O início do trabalho partiu de experimentos realizados no contexto de um projeto de pesquisa sobre ambientes de ensino/aprendizagem, no caso o sistema AMPLIA (VICCARI et al, 2003). Os primeiros questionamentos e necessidades sobre comunicação probabilística, além da verificação de que as linguagens de comunicação para agentes, não suportam este tipo de comunicação ocorreram durante o processo de pesquisa e desenvolvimento deste projeto.

Na verdade, a necessidade que os agentes possam compartilhar/comunicar conhecimentos probabilísticos está diretamente ligada ao processo de modelagem dos agentes do AMPLIA. A modelagem de comportamento dos agentes deste sistema é dependente de um processo complexo de interação, essencialmente uma forma de negociação, que ocorre dentro de um contexto de ensino-aprendizagem. Esta negociação, denominada de negociação pedagógica visa resolver os conflitos que possam ocorrer entre agentes envolvidos num processo de ensino-aprendizagem, utilizando exclusivamente estratégias de cunho pedagógico para a resolução destes conflitos.

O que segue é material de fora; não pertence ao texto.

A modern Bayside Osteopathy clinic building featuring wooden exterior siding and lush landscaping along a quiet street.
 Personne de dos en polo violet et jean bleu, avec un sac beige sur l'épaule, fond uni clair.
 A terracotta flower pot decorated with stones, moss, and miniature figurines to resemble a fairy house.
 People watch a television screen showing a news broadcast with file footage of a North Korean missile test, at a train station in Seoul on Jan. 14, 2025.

Análises iniciais, apresentadas em (FLORES et al., 2003-a) (FLORES et al., 2003-b), indicaram que este processo de negociação pode analisado a partir do ponto de vista das expectativas dos participantes. Expectativas estas que podem ser relacionadas aos graus de confiança e credibilidade que os agentes envolvidos (no caso professores e alunos) devem tentar estabelecer durante o processo de negociação. Estas análises também mostraram que não só que este conceito de expectativa poderia ser interpretadas através de probabilidades subjetivas, mas que ele poderia ser expresso formalmente numa lógica modal probabilística muito similar a SLP. Estudos posteriores tem aprofundado (SEIXAS et al., 2003) (FLORES et al., 2004) a análise dos parâmetros de confiança e credibilidade dentro do processo de negociação pedagógica, através do uso de Redes Bayesianas que são capazes de modelar e inferir (mas ainda não negociar) estes parâmetros.

Ainda assim, o processo de negociação pedagógica ainda está longe de ser claramente compreendido, pelo menos do ponto de vista formal. Certamente ele não chega ao grau de formalização e rigorismo de análise alcançado pelos mecanismos de negociação baseados em teorias econômicas de preferências e utilidades (ver Sandholm (1999) para mais detalhes sobre estes mecanismos).

Desta forma, espera-se que o instrumento formal definido nesta tese seja útil na compreensão e modelagem deste processo de negociação. Espera-se que a lógica SLP seja capaz de representar formalmente os conceitos e atividades envolvidas na negociação pedagógicas de acordo com os pontos de vista dos seus participantes. PACL seria utilizada na modelagem das interações que ocorrem entre estes participantes durante o processo de negociação. O diferencial que o instrumento formal proposto por esta tese traria em relação aos outros instrumentos é seu caráter unificador, que permitiria expressar em um único formalismo tanto aspectos puramente lógicos do processo de negociação, quanto às probabilidades vinculadas aos graus de confiança e credibilidade sendo negociados.